#### Work to be completed:
Beginning at the line that contains "LED Car Interior" and finishing at the line that contains "SOFT SURROUNDINGS - SIZE", output the data below exactly. Include both end lines and no pictures.

#### Data supplied:

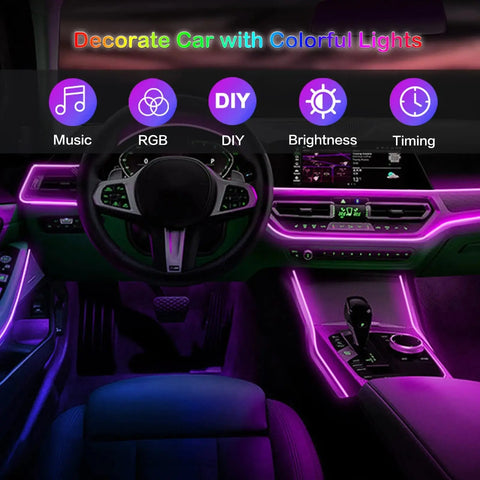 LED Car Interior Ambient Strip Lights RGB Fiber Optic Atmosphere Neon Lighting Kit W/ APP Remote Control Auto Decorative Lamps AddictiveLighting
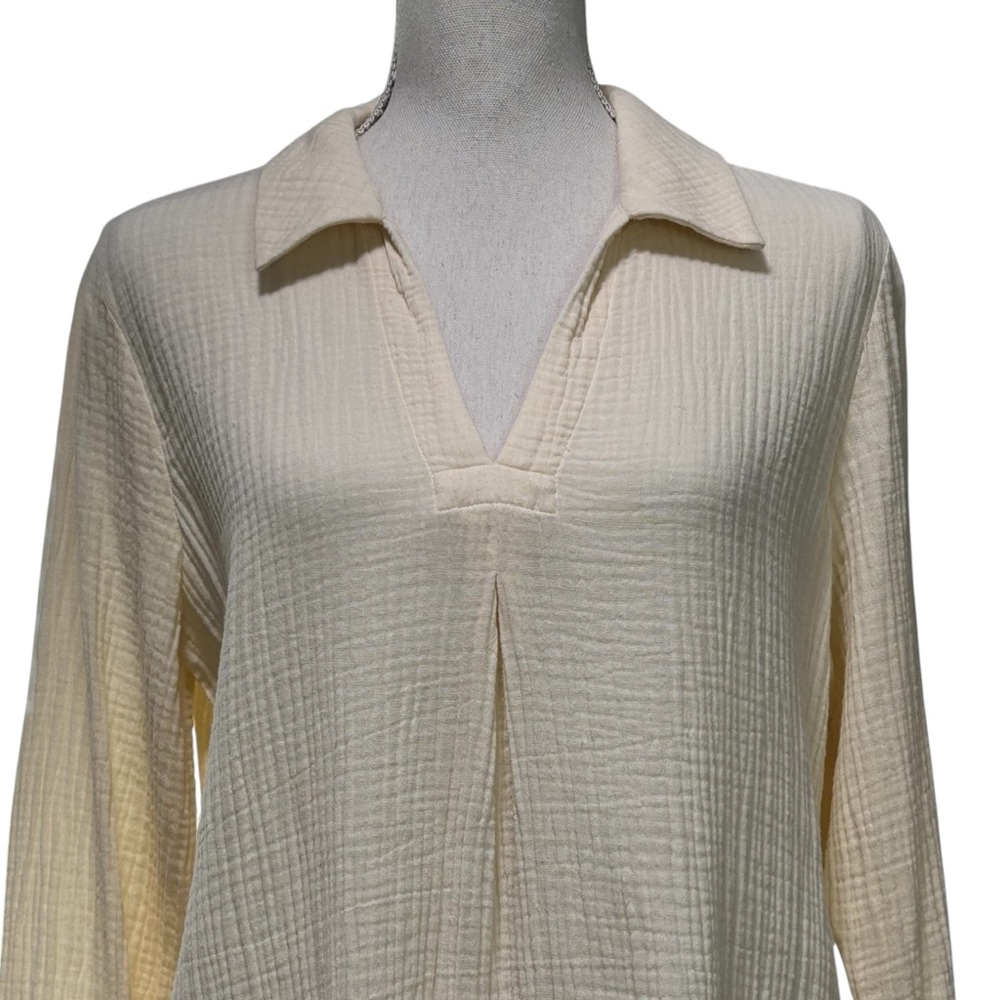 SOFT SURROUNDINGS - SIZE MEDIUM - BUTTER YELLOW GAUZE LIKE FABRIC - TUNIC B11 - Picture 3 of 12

--

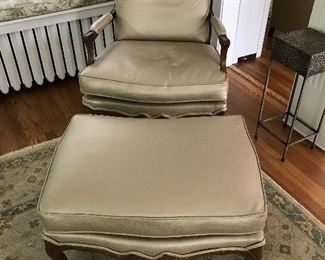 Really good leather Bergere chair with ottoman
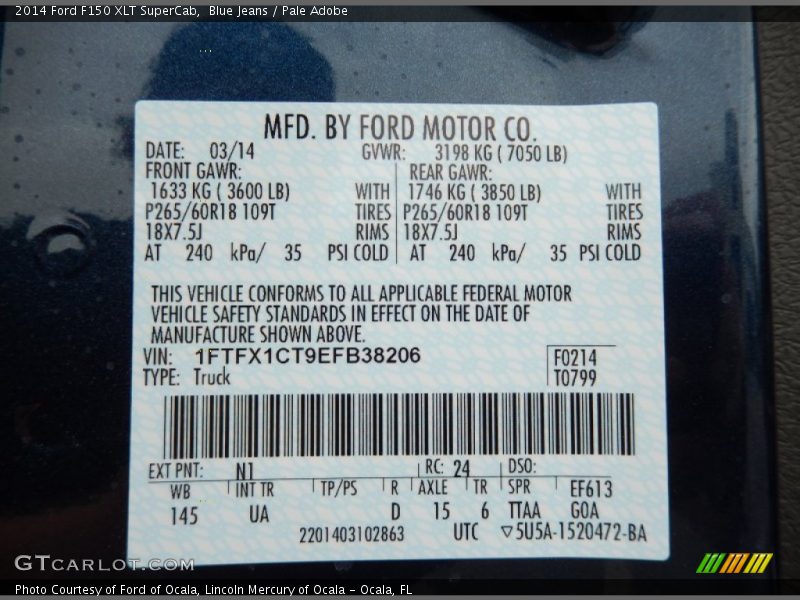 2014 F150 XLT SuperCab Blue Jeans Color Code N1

#### Problem solution:
 LED Car Interior Ambient Strip Lights RGB Fiber Optic Atmosphere Neon Lighting Kit W/ APP Remote Control Auto Decorative Lamps AddictiveLighting
 SOFT SURROUNDINGS - SIZE MEDIUM - BUTTER YELLOW GAUZE LIKE FABRIC - TUNIC B11 - Picture 3 of 12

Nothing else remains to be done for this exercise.